Arcadia boss Sir Philip Green led tributes to Browns co-founder Sidney Burstein, who died last week aged 93.

Burstein, who founded the iconic London indie designer department store in 1970 with his wife Joan, known as Mrs B, was described by Green and others in the fashion industry as an eccentric character whose influence on the sector will long survive him.

Green told Drapers: “When I first met Sidney in 1982, he said to me, ‘Have you got three As?’ So I asked him, ‘Three As in what?’ and he said, ‘Are you aware, alert and alive?’ That was typical of him. He was very alert and was always walking the shopfloor. He had a great relationship with his staff: they all loved him and he loved the business. He loved fashion. He was larger than life, very philosophical and very funny. He loved a good debate. I’d often sit down and debate issues with him.”

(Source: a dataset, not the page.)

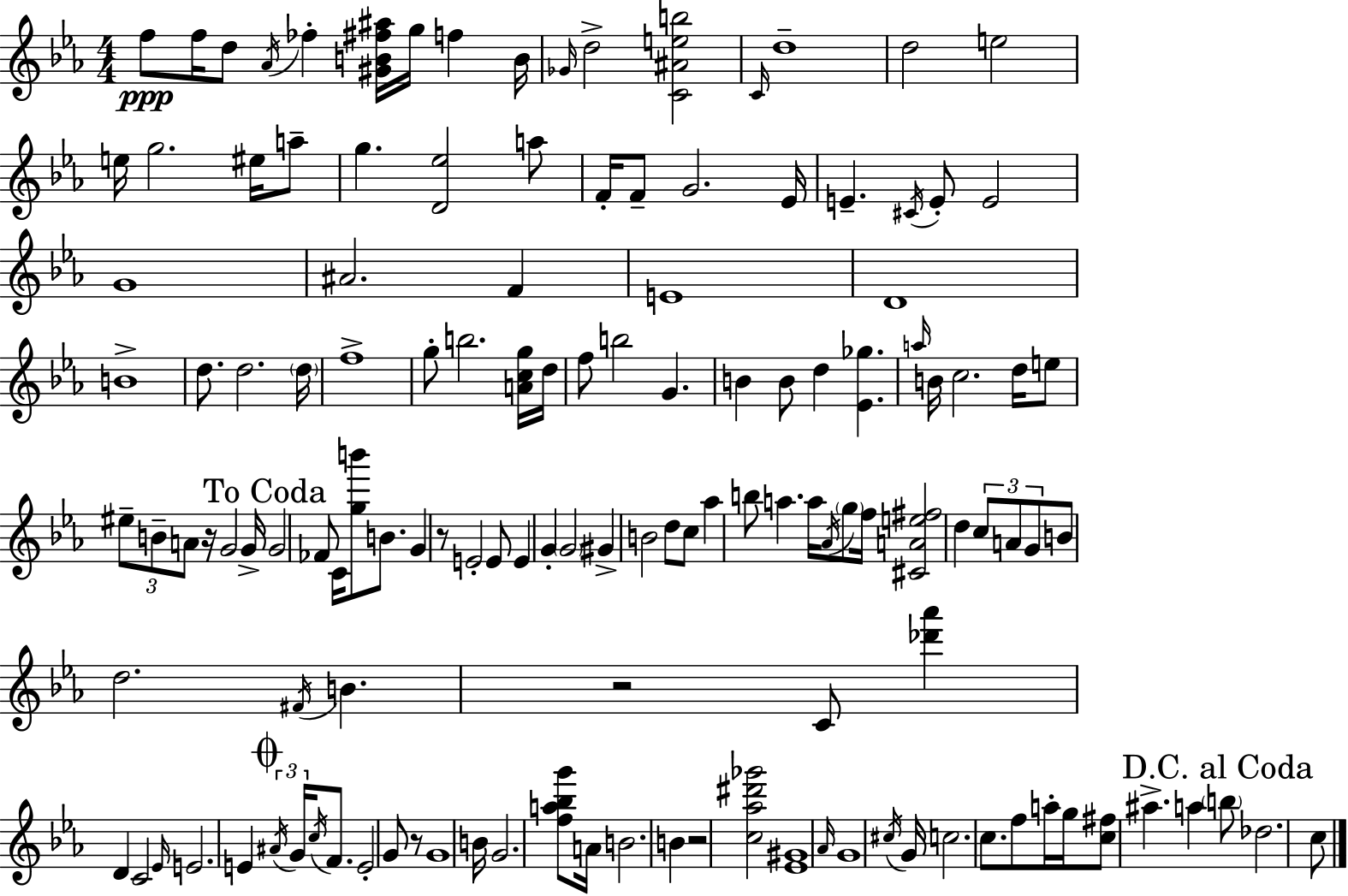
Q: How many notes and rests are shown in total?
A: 135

Harold Tillman, chairman of the British Fashion Council and owner of premium retailer Jaeger and British Heritage Brand Aquascutum, said: “Sidney was devoted to fashion for the whole of his life, from his Neatawear [women’s young fashion] chain to the establishment of Browns.

“He and Joan and of course the whole Burstein family have had a huge impact on the industry and his influence will now live on through his family’s management of Browns.”

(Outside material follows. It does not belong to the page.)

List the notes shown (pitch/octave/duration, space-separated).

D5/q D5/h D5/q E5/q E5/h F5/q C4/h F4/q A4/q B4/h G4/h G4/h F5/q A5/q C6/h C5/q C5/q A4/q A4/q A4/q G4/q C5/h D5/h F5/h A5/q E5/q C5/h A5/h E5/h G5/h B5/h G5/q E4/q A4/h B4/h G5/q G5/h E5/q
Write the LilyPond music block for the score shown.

Philip Start, co-owner of London designer indie Start, said: “I knew Sidney well in the 1990s. He wasn’t greedy and was happy with what he’d achieved at Browns. He used to say, ‘Some people try to own the world but I need one meal at a time, what’s the point in having more?’

“Sidney was a fun man and an eccentric character. He and Joan were a great team. Although she gets the credit for most of the achievements at Browns, Sidney was the backbone behind a lot of the decisions she made and as such was instrumental in a lot of the risks Browns took to get where they are.”

Sidney and Joan Burstein built Browns on an innovative yet sometimes risky strategy, backing emerging labels and often taking on new designers.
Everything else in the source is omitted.